## WHAT THE EXERCISE ASKS
Every line of the material below should be output exactly as written, with the images skipped.

## GIVEN INFORMATION
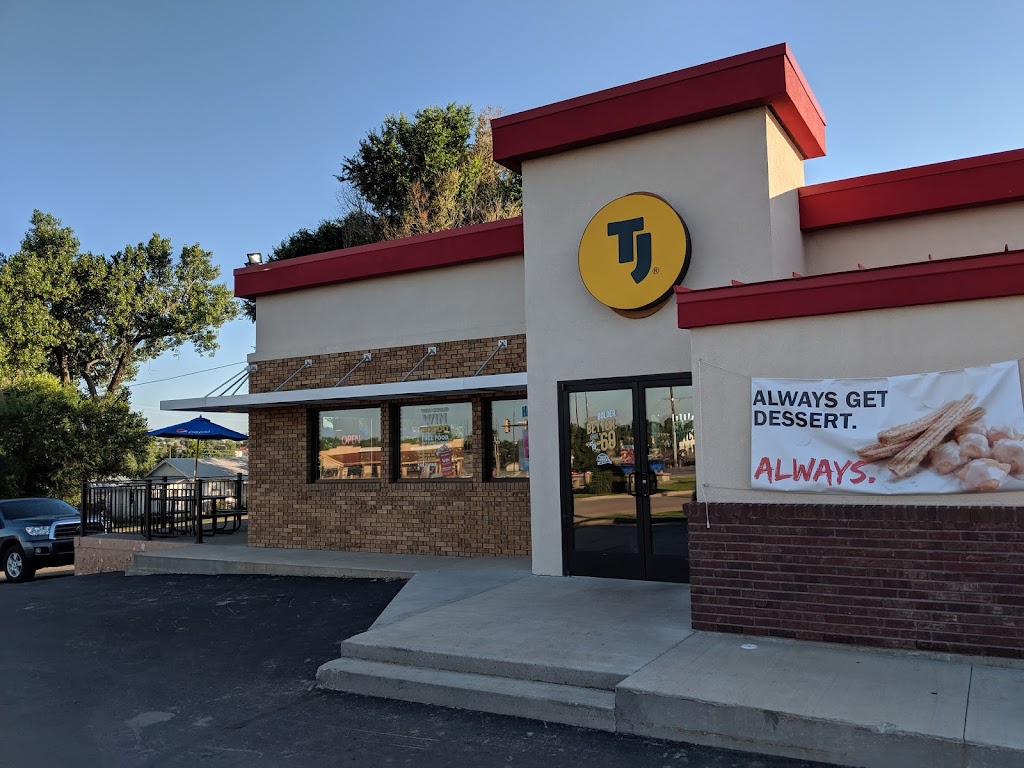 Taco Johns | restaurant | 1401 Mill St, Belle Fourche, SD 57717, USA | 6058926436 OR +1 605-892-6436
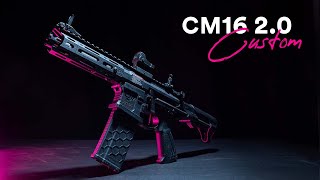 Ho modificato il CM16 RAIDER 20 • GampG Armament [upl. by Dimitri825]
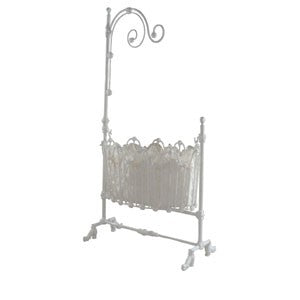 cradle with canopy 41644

## EXPECTED ANSWER
 Taco Johns | restaurant | 1401 Mill St, Belle Fourche, SD 57717, USA | 6058926436 OR +1 605-892-6436
 Ho modificato il CM16 RAIDER 20 • GampG Armament [upl. by Dimitri825]
 cradle with canopy 41644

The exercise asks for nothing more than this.